Stu Spencer attributed Reagan's distancing to his Hollywood background, where the cast kept changing but the actor always had his job to do. Acting isn't an easy craft, and Reagan worked hard at mastering it. He was also an adept writer -- I learned early on that he wrote most of his own speeches and one-liners -- and an even better editor. The book "Reagan in His Own Hand," by Annelise and Martin Anderson, with Kiron Skinner, reproduces illustrations of presidential speech drafts and the edits Reagan made in them. My favorite, also reproduced in one of my books, is a passage from a historic speech to British parliamentarians in Westminster on June 8, 1982, in which Reagan took some mush that had been written for him about Soviet actions in Europe, crossed it out, and wrote in his distinctive, looping hand: "What I am describing now is a policy and a hope for the long term -- the march of freedom and democracy which will leave Marxism-Leninism on the ash heap of history as it has left other totalitarian ideologies which stifle the freedom and muzzle the expression of citizens."

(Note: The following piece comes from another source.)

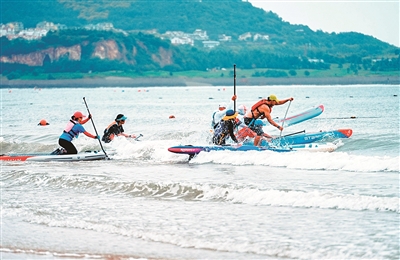 年第五届亚, 会海洋皮划, 皮划艇联合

These are strong words from Joe Sixpack, but Reagan was at once a man of conviction who thought seriously about the great issues of his time and an ordinary American, never braggy, who treated his audiences -- all of us, really -- with consideration and respect. His greatest single quality was his self-deprecating humor, which came naturally to him and was honed into an effective political weapon. He made fun of his age, his work habits, his vanities, his ideology, his alleged lack of intelligence, and his supposed domination by his wife. When he was speaking to a political rally in Florida and a wind blew his speaking cards off a podium, Reagan picked them up, shuffled them together, and quipped that it really didn't matter what order they were in. When a reporter during the first gubernatorial campaign brought Reagan a studio picture showing him with the title chimpanzee in the movie "Bedtime for Bonzo," Reagan signed it and wrote, "I'm the one with the watch." On Air Force One he signed a picture of a sleeping Marlin Fitzwater, his press secretary, with the inscription, "Marlin, we're only supposed to do this at cabinet meetings."

Of all the silly things said about Reagan, the silliest (and I probably wrote it myself at some point) is the statement: "What you see is what you get." What people saw, as Reagan suspected, was that he was one of them, but what they got was a lot more than that. Reagan, for all the quips, was a serious person who had read about treaties and economic theories and the Soviet Union along with his share of science fiction and potboiler novels.

Reagan demonstrated his seriousness of purpose and much more in a dramatic speech to the Republican National Convention in 1976 after Ford had been nominated. Although he hadn't even known he would be called upon to speak, Reagan made the most of the moment by telling the delegates that they faced the dual challenge of preserving individual freedom and keeping the world safe from nuclear destruction. "We live in a world in which the great powers have poised and aimed at each other horrible missiles of destruction that can, in a matter of minutes, arrive in each other's country and destroy virtually the civilized world we live in."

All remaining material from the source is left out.